Clustering is an **unsupervised learning technique** where the goal is to group similar data points together.

Unlike supervised learning, clustering does not require labeled data. Instead, the algorithm tries to find natural groupings (clusters) in the dataset.

## Common Clustering Algorithms:
- **K-Means** → Divides data into `k` clusters.
- **Hierarchical Clustering** → Builds a tree of clusters.
- **DBSCAN** → Groups data points based on density.

In this notebook, we will focus on **KMeans clustering**.

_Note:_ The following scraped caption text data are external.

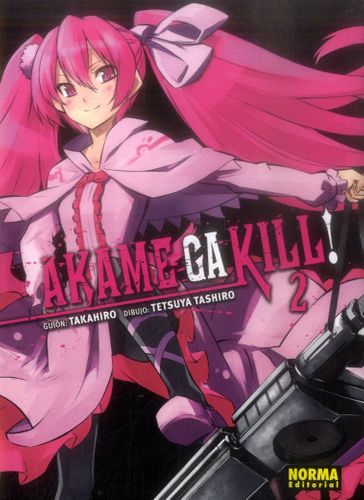 AKAME GA KILL!-VOL.06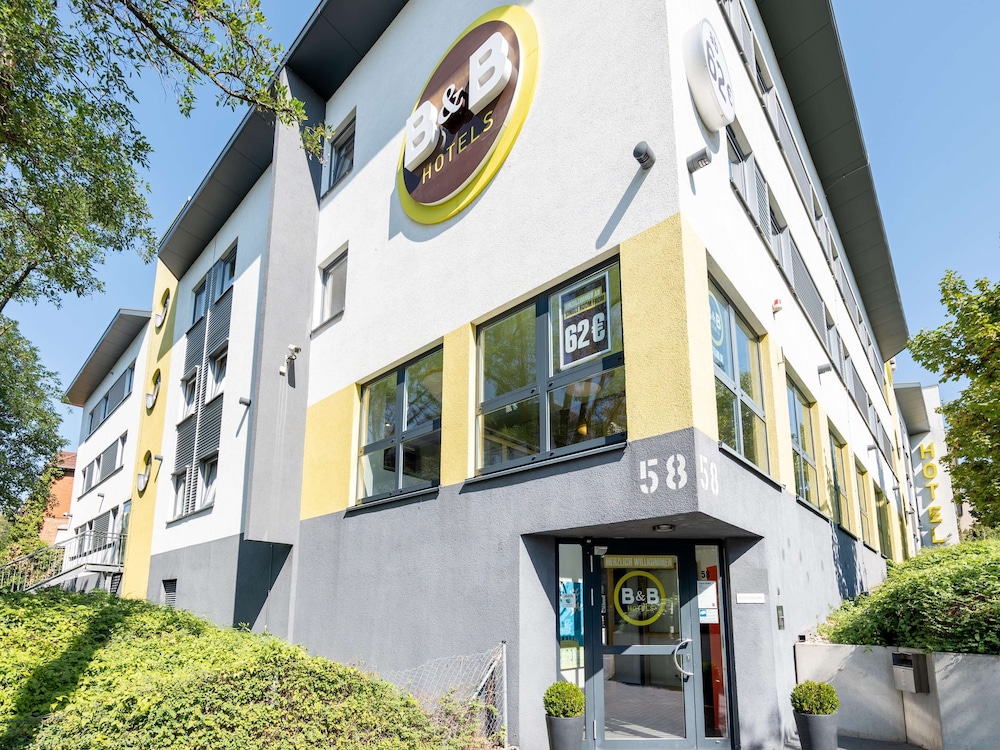bandb hotel stuttgart city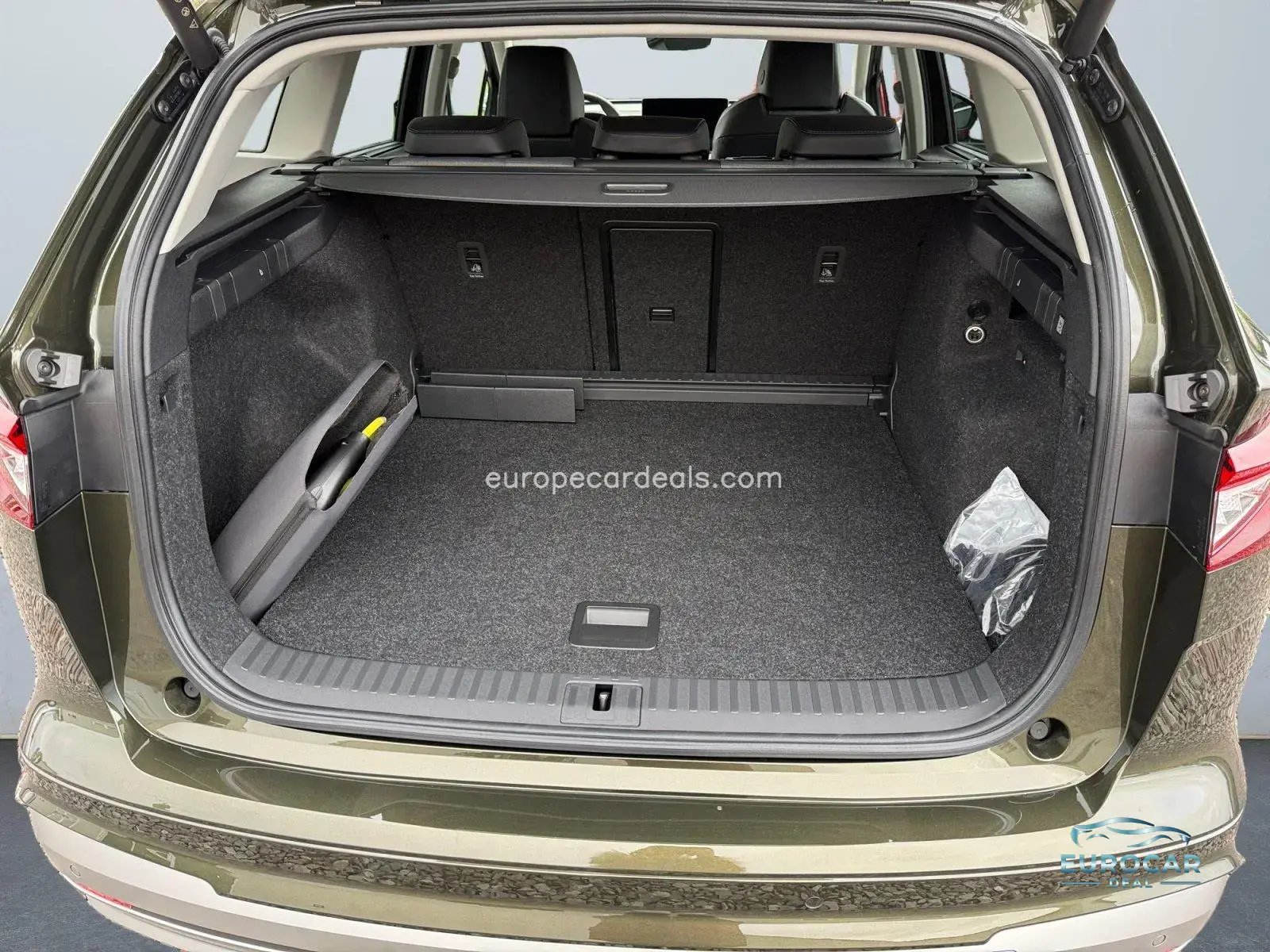 Skoda Enyaq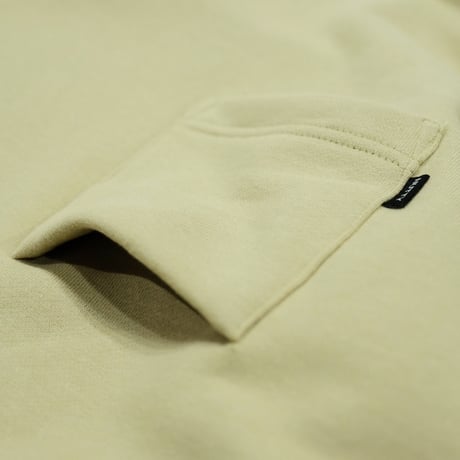 nuttyclothing × 4S CLOTHING STORE /  Three Pocket Sweatshirt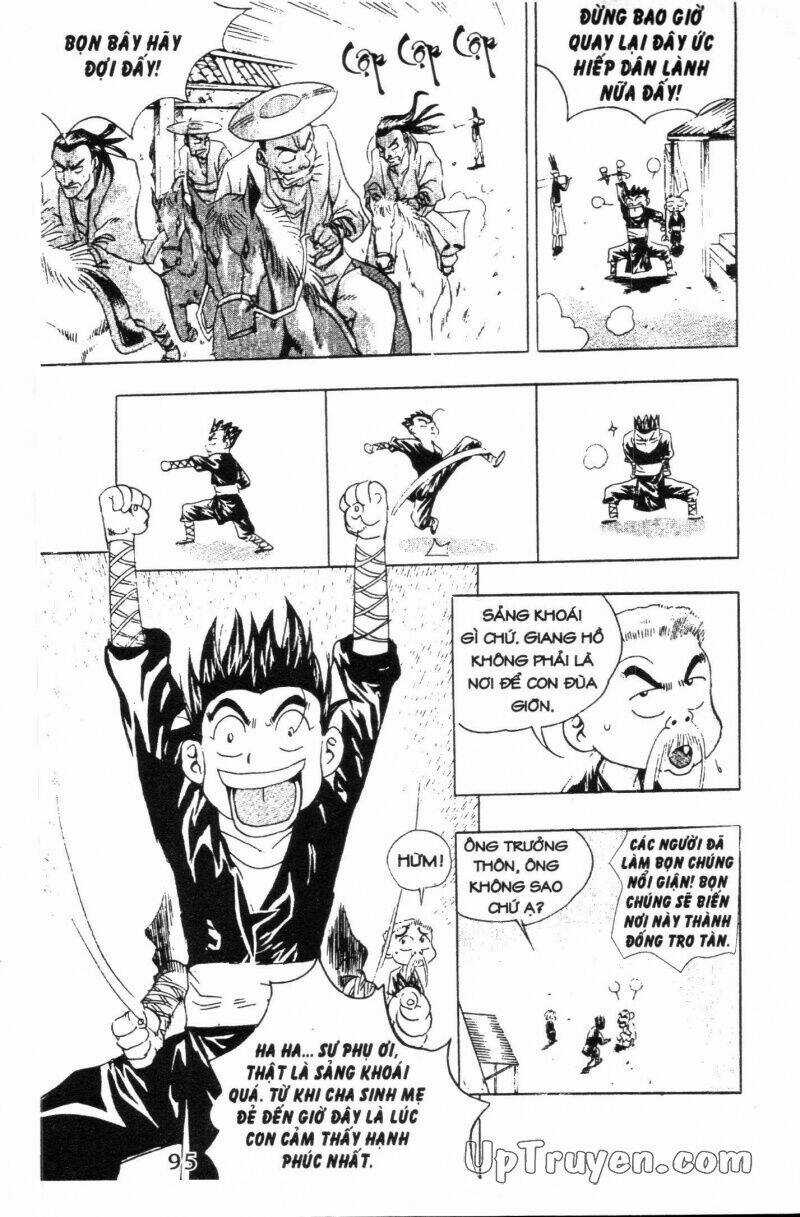 Giang Hồ Bá Đạo Ký - Chapter 2 - Trang 95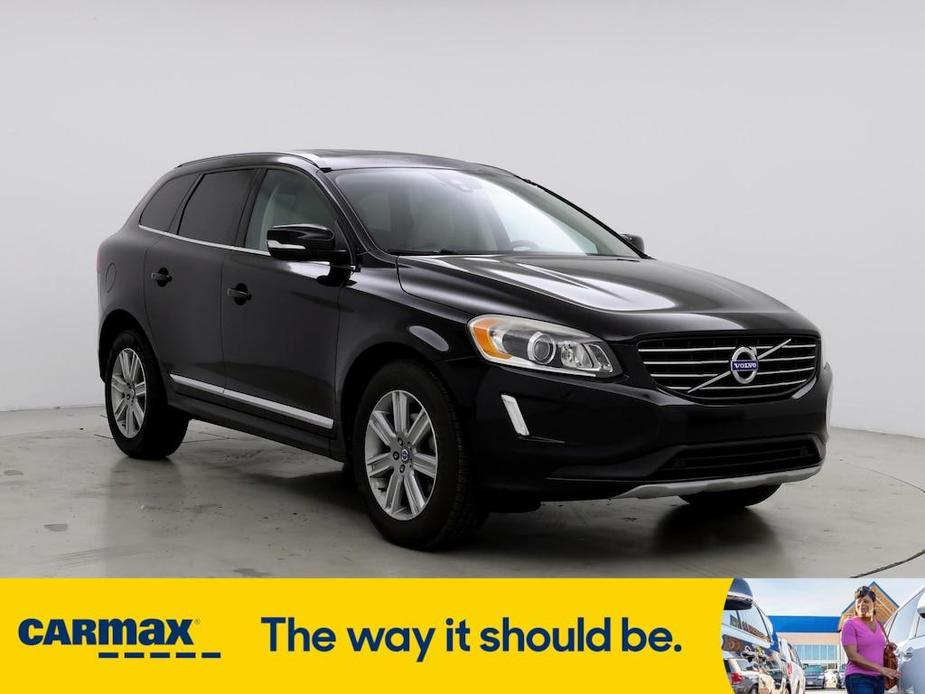 used 2017 Volvo XC60 car, priced at $18,998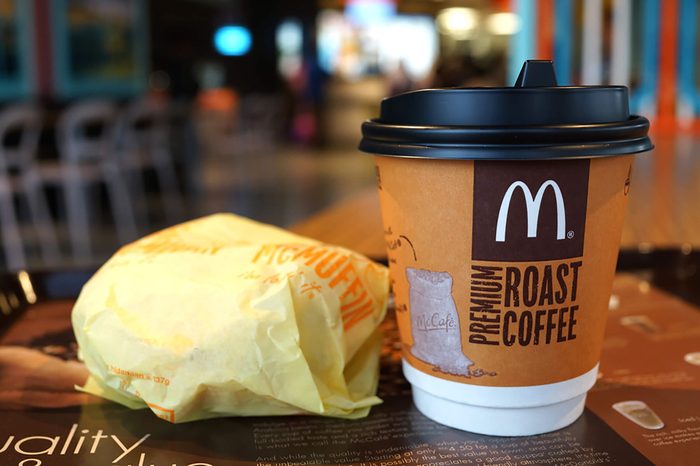 McDonald's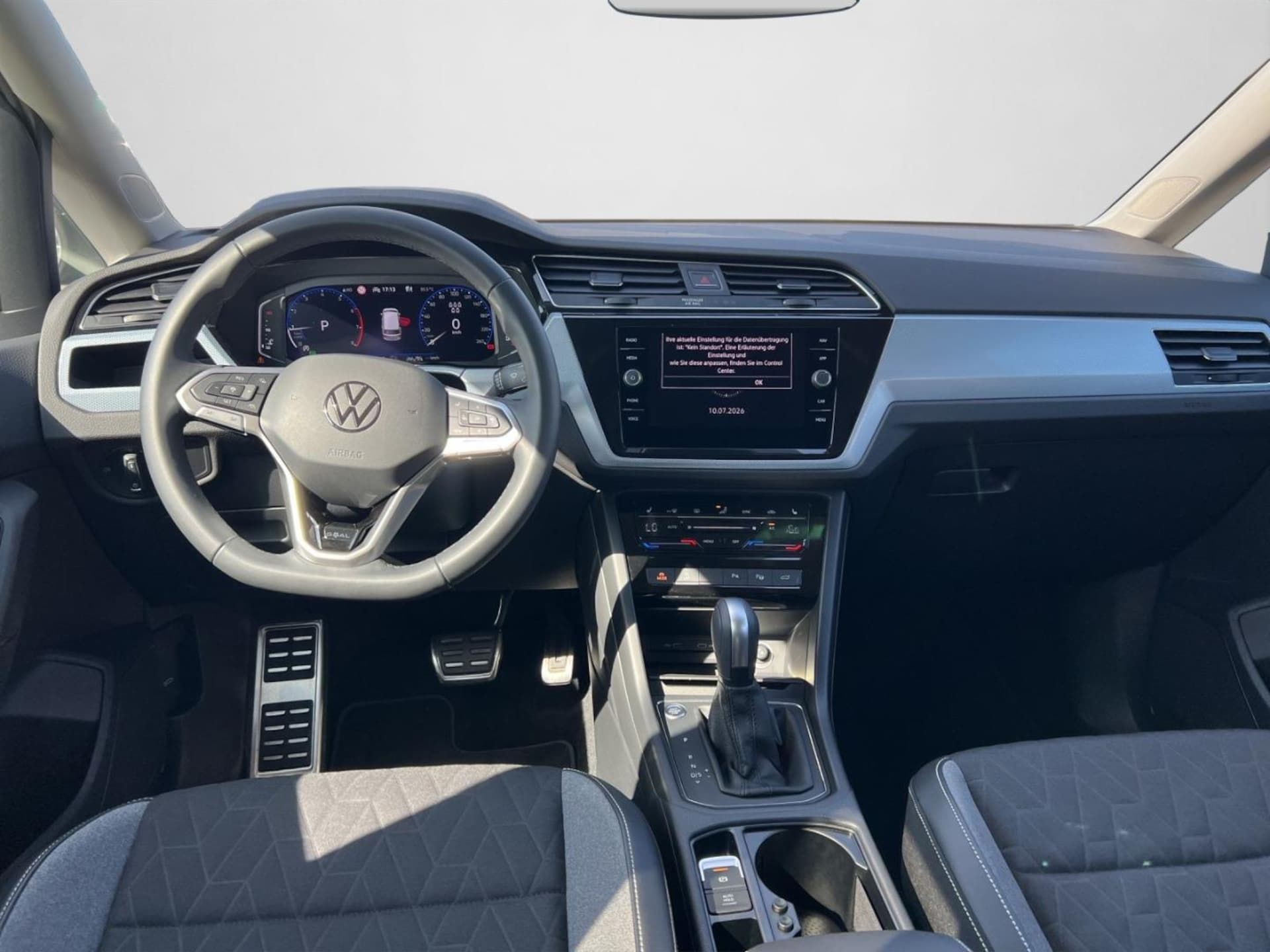 Volkswagen Touran Comfortline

## Importing Libraries and Dataset

In [None]:
import pandas as pd
import matplotlib.pyplot as plt
from sklearn.datasets import load_iris
from sklearn.cluster import KMeans

# Load Iris dataset
iris = load_iris()
df = pd.DataFrame(iris.data, columns=iris.feature_names)
df.head()

## Applying KMeans Clustering
We will cluster the Iris dataset into 3 groups (since we know there are 3 species, but remember unsupervised algorithms don't use labels).

In [None]:
# Create KMeans model
kmeans = KMeans(n_clusters=3, random_state=42)
df['cluster'] = kmeans.fit_predict(df)

df.head()

## Visualizing Clusters

In [None]:
plt.scatter(df['sepal length (cm)'], df['sepal width (cm)'], 
            c=df['cluster'], cmap='viridis', alpha=0.7)
plt.xlabel('Sepal Length (cm)')
plt.ylabel('Sepal Width (cm)')
plt.title('KMeans Clustering on Iris Dataset')
plt.show()

## Understanding the Results
- KMeans divided the dataset into **3 clusters**.
- The colors show the grouping made by the algorithm.
- These clusters may or may not perfectly align with the actual Iris species labels, but they capture the natural patterns in the data.

## Key Notes:
- KMeans requires choosing the number of clusters `k` beforehand.
- It works well with spherical-shaped clusters but may struggle with irregular patterns.
- Choosing the right `k` can be done using the **Elbow Method** or **Silhouette Score** (we’ll cover this later).